** EXERCISE OBJECTIVE **
Look through the data below for the line with "Roka London Chelsea Pocket Sling Laukku" and the line with "The Liar's Daughter", then output those two and all lines in between, exactly as written.

[EXCERPTED RECORDS]

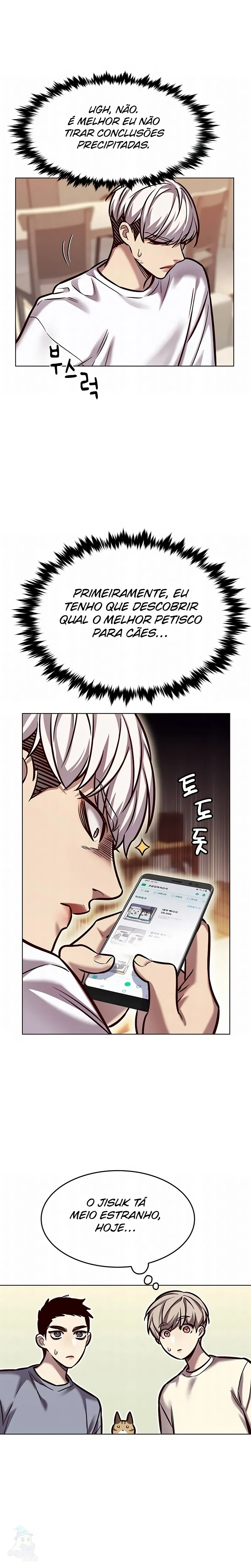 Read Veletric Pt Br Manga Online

[/EXCERPTED RECORDS]
[EXCERPTED RECORDS]

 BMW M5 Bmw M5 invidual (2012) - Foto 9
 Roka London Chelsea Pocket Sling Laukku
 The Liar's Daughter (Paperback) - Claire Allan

[/EXCERPTED RECORDS]
[EXCERPTED RECORDS]

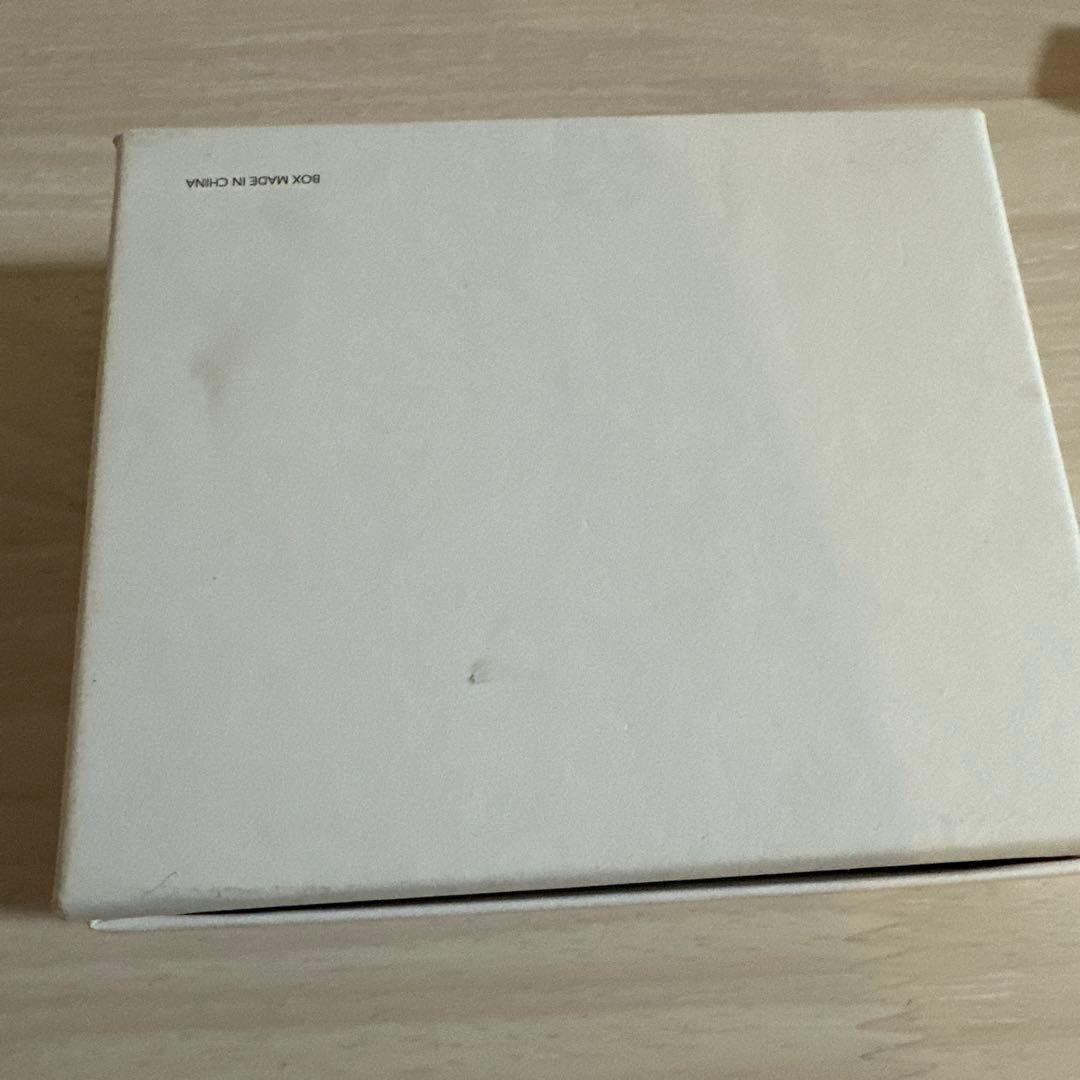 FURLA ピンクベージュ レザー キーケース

[/EXCERPTED RECORDS]

** TASK OUTPUT **
 Roka London Chelsea Pocket Sling Laukku
 The Liar's Daughter (Paperback) - Claire Allan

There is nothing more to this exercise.